三つのシナリオが考えられます。第一に、脆弱な出力にある休眠コインの所有者がアップグレードしない場合、それらは失われたものとみなされ、ブロックリストに登録される可能性があります—これは議論の余地のある政治的決定であり、供給を縮小させることになります。第二に、量子攻撃者が移行完了前に露出したウォレットから資金を吸い上げ、その供給を攻撃者の保有に置き換え、パニックを引き起こす可能性があります。第三に、差し迫る量子能力の認識だけで売りが加速し、チェーン分裂やレガシーウォレットの大量流出を引き起こすこともあり得ます。
これらのシナリオは、クリーンな供給削減や自動的な強気相場を保証するものではありません。Proof of Workは、Groverのアルゴリズムが二乗根の高速化しかもたらさないため、比較的堅牢です。しかし、メインメモリプールには微妙なリスクも潜んでいます。ハッシュ化された鍵のアドレスからの取引は、その公開鍵を公開しながら待機します。
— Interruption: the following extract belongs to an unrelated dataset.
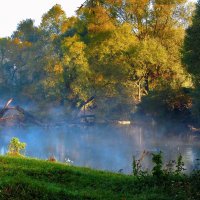 Осенняя река :: Владимир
量子攻撃者はメモリプールを監視し、迅速に秘密鍵を回復し、より高い手数料の取引と競合させて価値を盗み出す「サインして盗む」攻撃を仕掛けることが可能です。
数学的にはビットコインは堅牢化できるが、調整と協調の方が暗号より重要
物理学と暗号標準は一致しています:量子はビットコインを一夜にして破壊しません。意図的な計画的なポスト量子移行のためのウィンドウ—おそらく10年以上の時間—が存在します。ビットコインは耐性のある署名スキームを採用し、脆弱な出力をアップグレードし、より強固な暗号的保証を持つ状態に進化させることが可能です。
しかし、セイラーの自信は、成功するかどうか保証されていない前提に依存しています。それは、開発者、マイナー、大口保有者、カストディアンが協調して、期限内に移行し、パニックや盗難、争われるフォークを引き起こさずにアップグレードを完了させるというものです。すでに量子リスクにさらされている170万ビットコインは、ネットワークが一つの統一体のように動いていないことを思い知らされる例です。早期に移行する保有者もいれば、遅らせたり無視したりする者もいます。アップグレード前に秘密鍵を失う者も出てくるでしょう。
ビットコインのポスト量子未来は実現可能です。それは暗号学的な必然性ではありません。物理学に包まれたガバナンスの課題です。セイラーは、ネットワークが堅牢化できる方向に向かっていると正しい方向性を示していますが、その堅牢化がいかにコスト高で政治的に複雑であり、依存的であるかを過小評価しています。
新たに強化されることと危機を引き起こすことの違いは、量子コンピュータの到来時期よりも、ビットコインの分散型エコシステムがどれだけ迅速に動き、広範囲に調整し、物理学の進展に追いつく前に意図的に移行できるかにかかっています。その賭けは暗号学ではなく、人間の協調にかかっているのです。